A politically polarized climate
What appears to be greater tension at board meetings follow eruptions and protests over policies like school masking requirements that emerged during the COVID-19 pandemic.
And some organizations have encouraged parents to be vocal about how schools spend COVID-19 relief funds, citing the high-stakes need to get students on track academically after years of disruptions.
Nationally, politicians have also increasingly voiced concerns about local school governance on the campaign trail, putting a spotlight on meetings that may have been more sparsely attended in the past.
“Political polarization has been growing since the 2000s, and it has engulfed everything in its path, including school boards,” said Collins, the Brown professor.
The National School Boards Association was met with a political firestorm in September 2021 when it sent a letter to President Joe Biden, asking for federal assistance with “a growing number of threats of violence and acts of intimidation across the nation.” The organization later retracted the memo.
Board members and school administrators in various states had complained about physical confrontations with the public, receiving threats at home, and having to use back entrances to administrative offices out of fear for their safety. In at least one district, angry parents attempted to make a “citizen’s arrest” of a school principal, using zip ties as handcuffs.
The scandal worsened when Attorney General Merrick Garland said the U.S. Department of Justice would form a task force to discuss the issue and advise local leaders.

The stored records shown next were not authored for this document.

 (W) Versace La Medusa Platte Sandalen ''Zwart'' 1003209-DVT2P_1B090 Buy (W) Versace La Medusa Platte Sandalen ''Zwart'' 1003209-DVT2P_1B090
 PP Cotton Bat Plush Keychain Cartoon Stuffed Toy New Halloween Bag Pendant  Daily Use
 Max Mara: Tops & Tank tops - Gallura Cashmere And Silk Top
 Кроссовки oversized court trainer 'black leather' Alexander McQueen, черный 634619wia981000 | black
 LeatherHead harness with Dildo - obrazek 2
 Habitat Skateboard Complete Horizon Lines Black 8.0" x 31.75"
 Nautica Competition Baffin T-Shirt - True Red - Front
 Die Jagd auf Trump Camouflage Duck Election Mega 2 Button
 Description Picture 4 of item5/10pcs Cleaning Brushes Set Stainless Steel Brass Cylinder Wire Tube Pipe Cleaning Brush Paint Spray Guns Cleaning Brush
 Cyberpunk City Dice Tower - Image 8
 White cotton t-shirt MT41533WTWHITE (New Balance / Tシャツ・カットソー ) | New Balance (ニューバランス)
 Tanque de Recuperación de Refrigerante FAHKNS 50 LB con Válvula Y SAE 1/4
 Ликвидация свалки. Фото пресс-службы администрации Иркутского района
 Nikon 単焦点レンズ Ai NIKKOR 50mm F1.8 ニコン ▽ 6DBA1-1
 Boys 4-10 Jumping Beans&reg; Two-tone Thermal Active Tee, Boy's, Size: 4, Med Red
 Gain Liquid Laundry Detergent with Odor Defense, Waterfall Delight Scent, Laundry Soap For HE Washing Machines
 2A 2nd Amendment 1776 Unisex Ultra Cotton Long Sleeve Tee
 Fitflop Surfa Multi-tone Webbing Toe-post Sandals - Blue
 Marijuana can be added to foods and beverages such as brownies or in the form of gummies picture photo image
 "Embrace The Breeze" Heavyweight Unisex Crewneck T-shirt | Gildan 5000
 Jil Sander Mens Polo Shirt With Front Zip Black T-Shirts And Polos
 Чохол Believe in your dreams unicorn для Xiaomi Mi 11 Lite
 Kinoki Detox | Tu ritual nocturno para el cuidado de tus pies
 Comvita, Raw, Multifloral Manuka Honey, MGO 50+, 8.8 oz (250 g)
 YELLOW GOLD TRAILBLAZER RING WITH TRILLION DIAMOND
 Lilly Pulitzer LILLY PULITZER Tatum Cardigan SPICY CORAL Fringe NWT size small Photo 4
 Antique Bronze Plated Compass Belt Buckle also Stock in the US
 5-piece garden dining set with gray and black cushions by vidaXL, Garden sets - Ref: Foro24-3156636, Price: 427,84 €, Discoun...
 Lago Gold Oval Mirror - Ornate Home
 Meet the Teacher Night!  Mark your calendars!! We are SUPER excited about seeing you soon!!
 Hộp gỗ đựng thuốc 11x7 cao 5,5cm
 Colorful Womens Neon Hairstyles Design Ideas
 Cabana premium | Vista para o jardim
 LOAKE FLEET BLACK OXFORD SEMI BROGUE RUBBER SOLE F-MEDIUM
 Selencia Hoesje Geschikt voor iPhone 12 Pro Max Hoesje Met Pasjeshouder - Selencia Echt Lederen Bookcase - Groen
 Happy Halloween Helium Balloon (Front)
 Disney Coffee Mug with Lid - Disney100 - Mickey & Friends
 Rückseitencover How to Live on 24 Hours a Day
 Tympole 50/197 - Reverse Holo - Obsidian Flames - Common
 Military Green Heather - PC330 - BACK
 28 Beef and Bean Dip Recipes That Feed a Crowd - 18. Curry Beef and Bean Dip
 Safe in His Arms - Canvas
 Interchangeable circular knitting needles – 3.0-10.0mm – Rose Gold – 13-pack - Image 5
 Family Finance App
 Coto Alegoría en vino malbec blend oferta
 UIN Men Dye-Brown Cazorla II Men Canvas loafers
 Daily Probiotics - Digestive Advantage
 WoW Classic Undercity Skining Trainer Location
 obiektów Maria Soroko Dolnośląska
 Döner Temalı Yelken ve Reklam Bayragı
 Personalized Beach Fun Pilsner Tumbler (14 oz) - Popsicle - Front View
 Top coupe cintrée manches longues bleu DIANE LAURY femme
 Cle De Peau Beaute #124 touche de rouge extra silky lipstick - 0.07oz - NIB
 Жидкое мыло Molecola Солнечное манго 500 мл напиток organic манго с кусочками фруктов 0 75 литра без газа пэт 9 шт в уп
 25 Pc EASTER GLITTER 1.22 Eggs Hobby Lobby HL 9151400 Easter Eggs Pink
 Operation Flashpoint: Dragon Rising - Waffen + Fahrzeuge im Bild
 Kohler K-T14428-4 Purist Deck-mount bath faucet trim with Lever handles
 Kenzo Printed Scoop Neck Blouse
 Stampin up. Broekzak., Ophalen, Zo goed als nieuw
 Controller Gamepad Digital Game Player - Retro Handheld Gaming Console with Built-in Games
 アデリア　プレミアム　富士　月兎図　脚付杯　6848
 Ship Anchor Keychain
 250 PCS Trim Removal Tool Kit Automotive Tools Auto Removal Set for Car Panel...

Conservative media groups saw the action as an attempt to stifle dissent and label conservative parents as “domestic terrorists.” Amid the controversy, many state school boards associations disaffiliated from the national organization.
Building trust
School boards’ efforts to build trust with the public should extend beyond how they conduct public comment periods at meetings that may not be accessible to some families with transportation limitations or night-shift jobs, Collins said.
And factors like language barriers and fear of public speaking can make it difficult for some would-be speakers to contribute, he added.
Boards should consider moving routine meetings to school sites, which are more familiar to the public, Collins said, and they should provide multiple venues for public feedback, beyond structured meeting comments.
Boards could also consider holding non-voting, participatory workshops to allow the public to interact with data about student achievement and weigh in on decisions like district policies, facilities plans, and budgets, he said.
“This kind of engagement and participation is about building habits and building confidence,” Collins said. “What are the opportunities for creativity here?”